Another student, Patricia Kjellby, is sceptical she and her classmates will be able to don their traditional white caps next week to celebrate the completion of their upper secondary school education.

"We're supposed to graduate in four days and I'm meant to complete a course that is actually supposed to last the whole year. That's impossible," she told the Expressen newspaper.

"To be honest, I'm extremely pissed off; that they figured this out now, just a few days before graduation."

The students' frustration stems from the shocking news delivered by officials at the Aniaragymnasiet high school that they neglected to teach the students a required course in religion.

According to the school's principal, the mix-up stems from a misinterpretation of the curriculum laid out by Swedish law.

"When you read the law, it can be interpreted that you can switch religion with social science," Christel Berver, principal at the publicly-funded, privately-managed free school, told Metro.

But such a change isn't, in fact, allowed.

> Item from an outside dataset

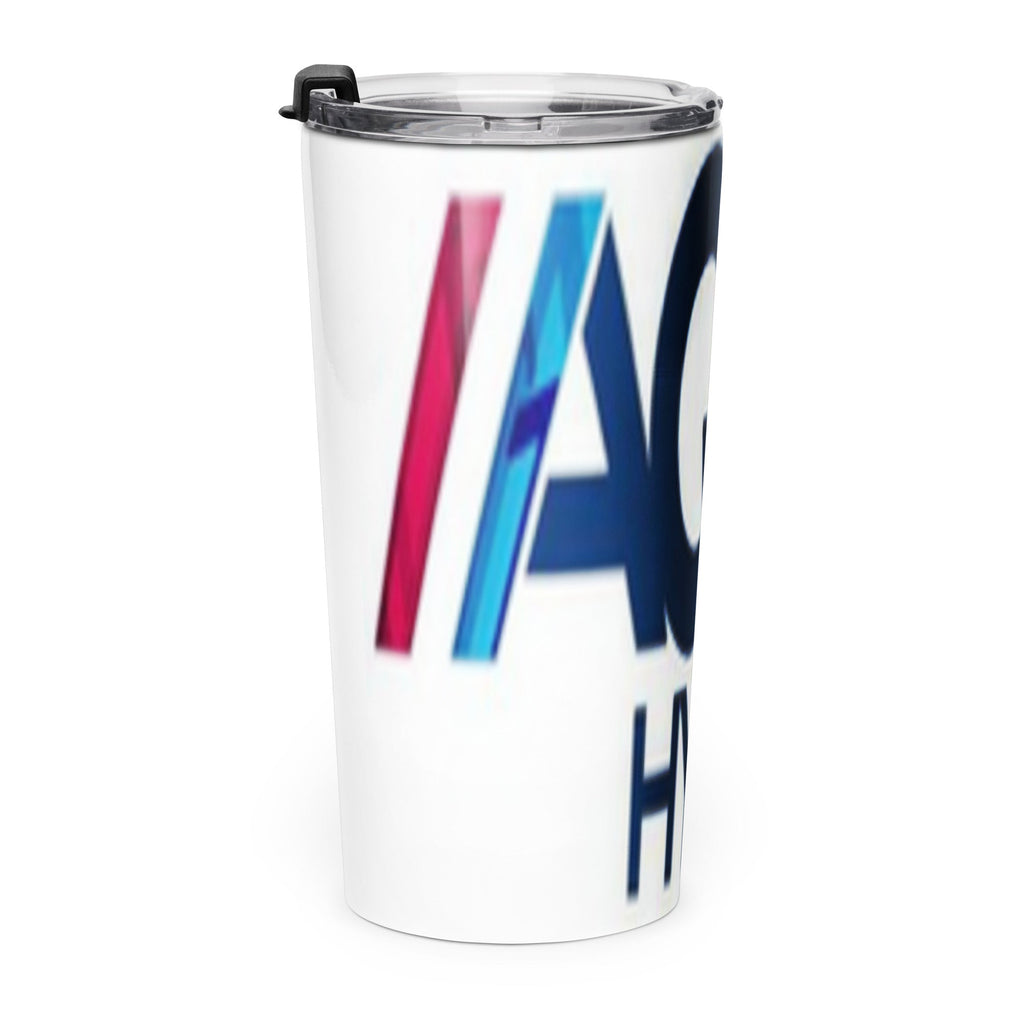 Tapered stainless steel tumbler - Ava Phillips Styles Collection, Organic Green Product for pets and Animation Moive Memorabilia.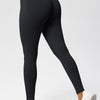 FlexTone Scrunch Tights - Black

Students had raised the issue previously with their teachers, expressing suspicions that the school had left something out, but to no avail.

"The last two years I've wondered, 'Aren't we supposed to have religion?'" said Kjellby.

"They said that we had social science instead so I thought that stuff about Buddhism and everything would come then, but it never did."

Now students have less than a week to complete the entire course in religion to avoid finishing high school with incomplete marks.

Alternatively, the students can accept a failing mark for the course and then make up the course in the autumn, the Göteborgs-Posten (GP) newspaper reported.